Ray White Queenstown owner Bas Smith has sold four lots this year at Wyuna Preserve. A United States buyer paid a staggering $2,650,000 for Lot 29, which is 2.89 hectares. That’s thought to be the highest residential section sale in the Wakatipu this year — the all-time record is possibly $2.85m paid for a Closeburn Station section in 2014. Expat Kiwis bought the other three Wyuna lots for $1.45m, $1.4m and $1.125m. Smith says 34-lot Wyuna Preserve ‘‘was regarded as the premier lifestyle development in New Zealand’’ when released in 2009 by American Tom Tusher, who owns the nearby Blanket Bay lodge, and Queenstown developer John Darby. In its first few years, 14 lots sold — one fetched $2.7m and four, at the Queenstown end, were snapped up for the Aro Ha wellness retreat. Sales have slowed in recent years. Smith says Tusher is delighted the first NZers have bought at Wyuna — ‘‘he has always hoped that Kiwis would become a part of that exclusive community’’. He adds that the four latest buyers all intend adding to Wyuna’s eight existing homes — ‘‘each one of them noted their dismay at how busy the Wakatipu Basin’s traffic congestion has become, and how rare the offering at Wyuna Preserve is’’.

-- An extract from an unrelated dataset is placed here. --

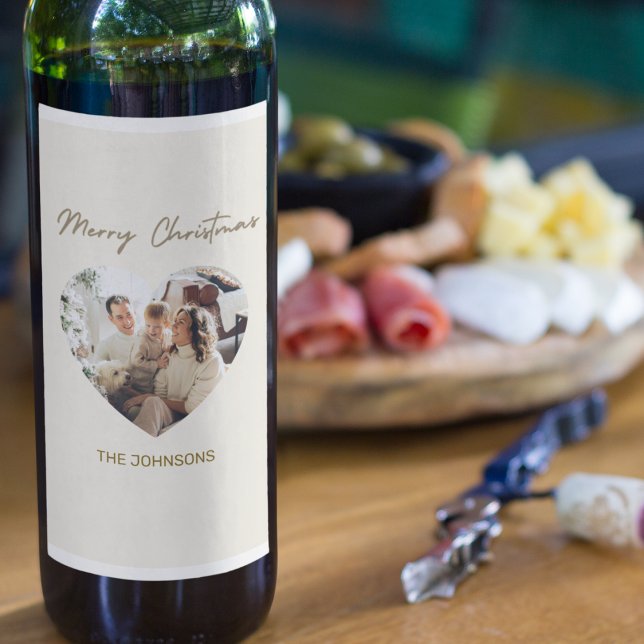 Merry Christmas Personalized Photo Wine Labels Vinflaska Etikett (Skapare uppladdad)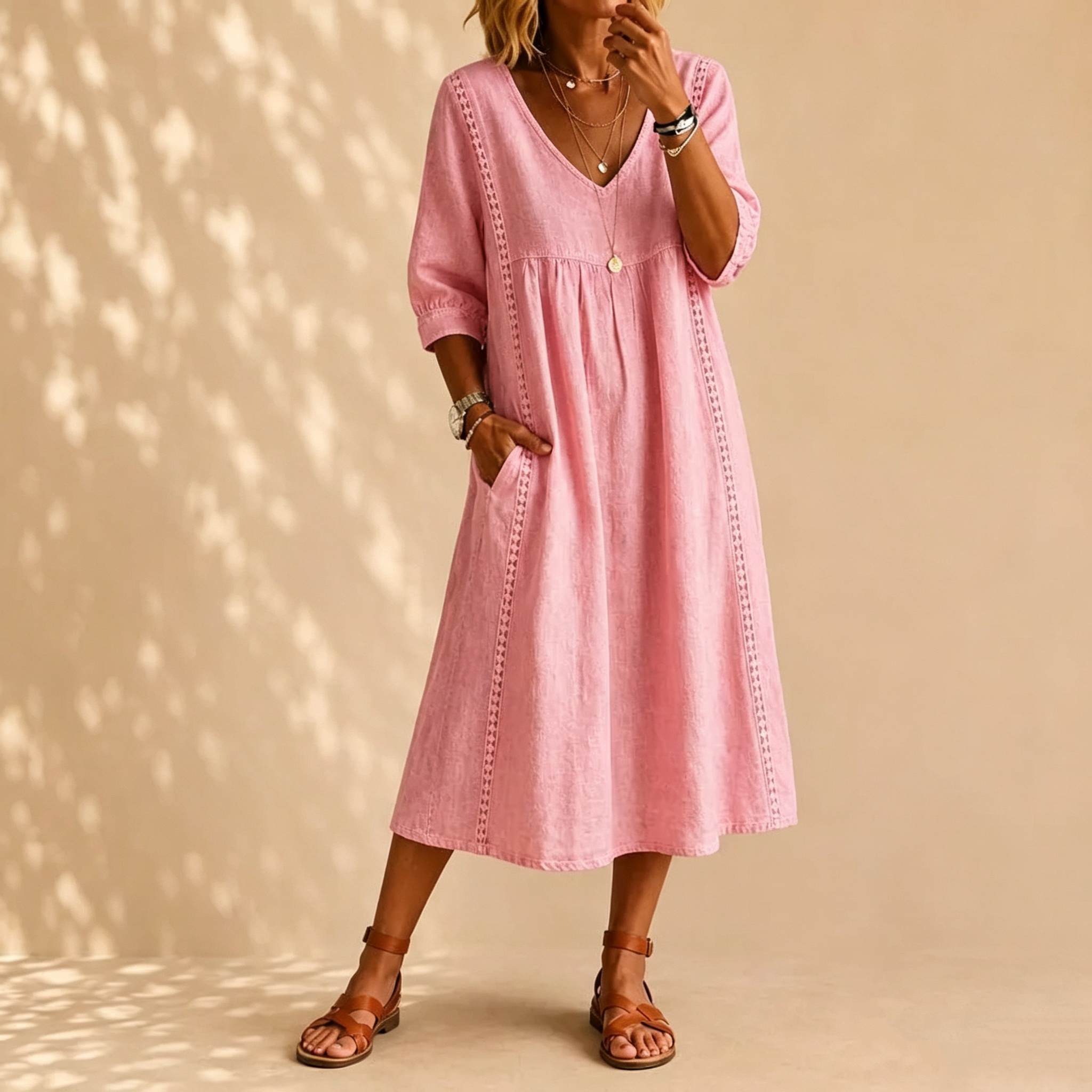 Cotton Linen Boho Dress, Women's Loose Fit Midi Dress, Everyday Casual Summer Wear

Ray White also recently sold two lots to Kiwis at Jack’s Point’s exclusive The Preserve for $1.7m apiece. The vendors were interests associated with ex-Hanover Finance’s Eric Watson and Cromwell’s Highlands Motorsport Park developer Tony Quinn.
Meanwhile, Ray White Queenstown agent Buzz Scown has sold two local development sites for megabucks. The 7825 square metre site beside Rydges Lakeland hotel sold for $9.3m, plus GST, to an Auckland based Chinese buyer who intends building a hotel. The vendor purchased the site in 2013 for $3.2m, while an earlier owner, local architect Maurice Orr, had plans consented for a 300room hotel. Scown’s also brokered the sale of a 3.5 hectare site at Arthurs Point — once occupied by the Cattle drome tourist attraction — for $7m, including GST. The buyer is another Auckland based Chinese investor who’s also looking at building visitor accommodation — the site was formerly consented for a hotel, residential and commercial development, Shotover Terraces.

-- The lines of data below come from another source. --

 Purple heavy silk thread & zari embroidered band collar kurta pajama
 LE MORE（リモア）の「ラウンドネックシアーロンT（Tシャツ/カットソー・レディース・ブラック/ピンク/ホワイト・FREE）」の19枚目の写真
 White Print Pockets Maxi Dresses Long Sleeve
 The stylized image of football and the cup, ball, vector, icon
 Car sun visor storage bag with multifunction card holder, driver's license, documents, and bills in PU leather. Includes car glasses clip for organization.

Mountain Scene understands Ray White’s also sold a waterfront hotel site in front of DoubleTree by Hilton Hotel Queenstown for about $6m.
Smith says demand for development sites dwindled after the GFC as they’d been overvalued, and finance companies went to the wall. ‘‘The reality now is that Queenstown is hugely desirable on the world stage, and development projects are coming into their own again, especially with the shortage of visitor accommodation.’’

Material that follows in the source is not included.